Um século de Charles Mingus celebrado em trio


Crítica musical, por Jorge Manuel Lopes.

Assinalam-se por estes dias os cem anos do nascimento do multi-instrumentista e compositor americano Charles Mingus. Chegado a 22 de abril de 1922, Mingus desdobrou-se por copiosos dialetos do jazz, do mais terno ao revolto; do mais familiar a incursões surpreendentes, arrojadas, desmedidas; em pequenas e, sobretudo, vastas formações. Deixou um corpo de gravações que vai do último sopro da Segunda Guerra Mundial praticamente até à morte, a 5 de janeiro de 1979, de esclerose lateral amiotrófica. (O derradeiro álbum em nome próprio aterra em 77 mas ainda colabora com Joni Mitchell no disco que a autora canadiana viria a intitular “Mingus”, lançado meio ano após a partida do músico.)

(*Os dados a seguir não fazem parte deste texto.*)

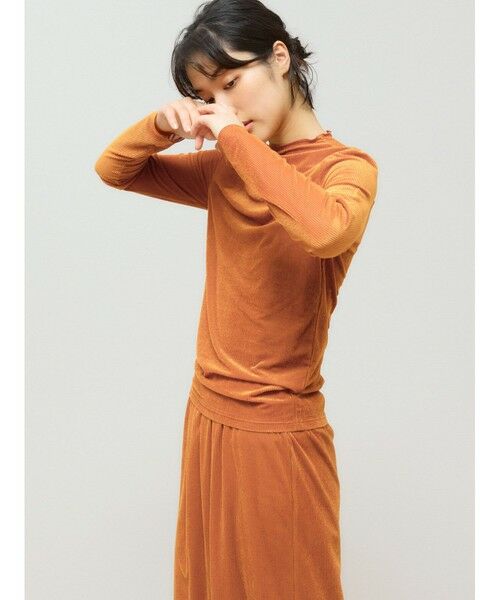 MIDIUMISOLID / ミディウミソリッド カットソー | MIDIUMISOLID for Ladies シアーベロアリブトップス | 詳細3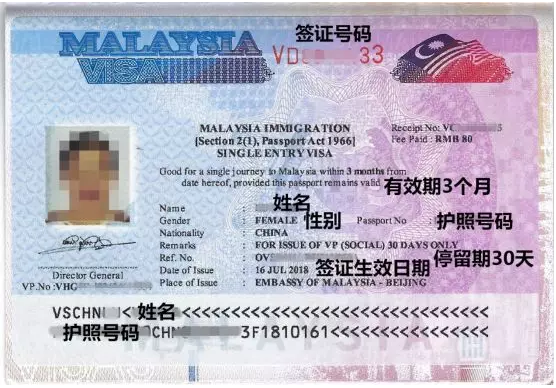 申请马来西亚普通贴纸签证指南2
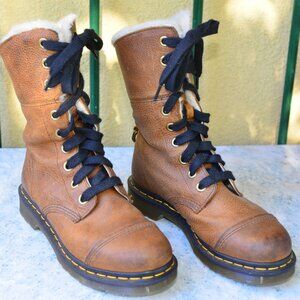 DOC MARTENS WOMEN'S FAUX SHERPA FUR BROWN LEATHER WINTER BOOTS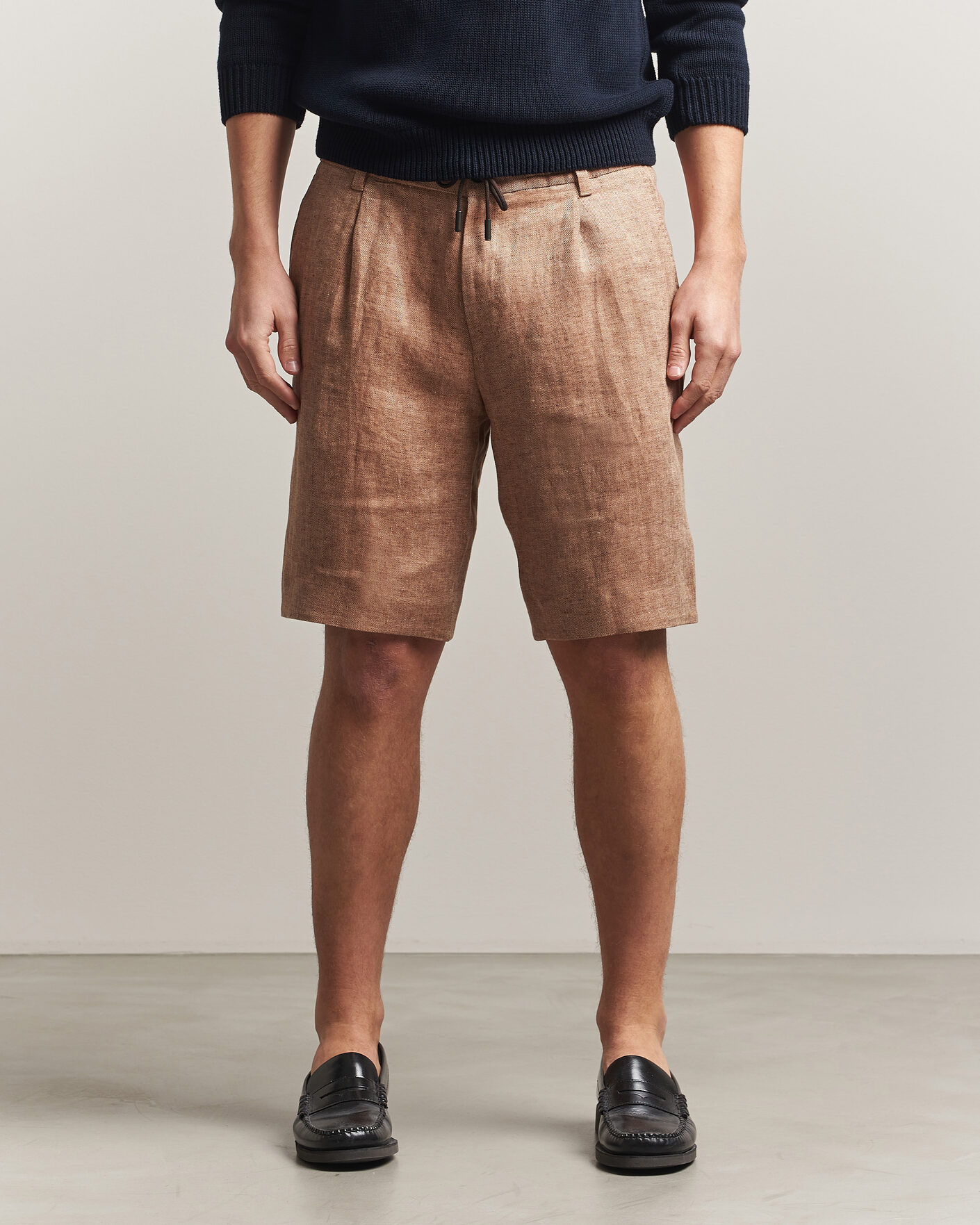 Herren | Shorts | BOSS CAMEL | Peet Linen Drawstring Shorts Medium Beige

A data redonda é assinalada com o lançamento de alguns discos. O mais recente é um documento de 1957, obra invulgarmente intimista e poupada no elenco. Em “Mingus three”, o contrabaixo de Charles Mingus conversa com o piano de Hampton Hawes, num cenário pintado pela bateria de Danny Richmond. Entre composições originais e recriações, as sete faixas da versão original do álbum percorrem quase outros tantos ambientes. “Yesterdays” é dinâmico, elegante e panorâmico. Mais relaxado, “Back home blues” anuncia os alicerces estéticos no título (o que já não acontece de forma tão explícita em “Hamp’s new blues”, veículo para o autor, Hampton Hawes, dançar agilmente sobre as teclas). “I can’t get started” é noturno e fumarento e “Dizzy moods” um banho de swing. Assombrosa, a versão de “Summertime” viaja num sopro de modernismo veloz, com um solo de bateria antológico em que Danny Richmond acrescenta explosões e divagações sem perder o fio de prumo rítmico. Outro standard, “Laura”, fecha o álbum com ternura. Em quase todos os momentos, o ouvinte tem lugar na primeira fila para a conversa particular entre o piano de Hawes e o contrabaixo telúrico de Charles Mingus. Esta reedição remasterizada de “Mingus three” apresenta um segundo disco com versões alternativas do alinhamento original, a que se juntam dois takes inéditos de um esboço chamado “Untitled blues”. São algumas das múltiplas faces de um génio chamado Mingus.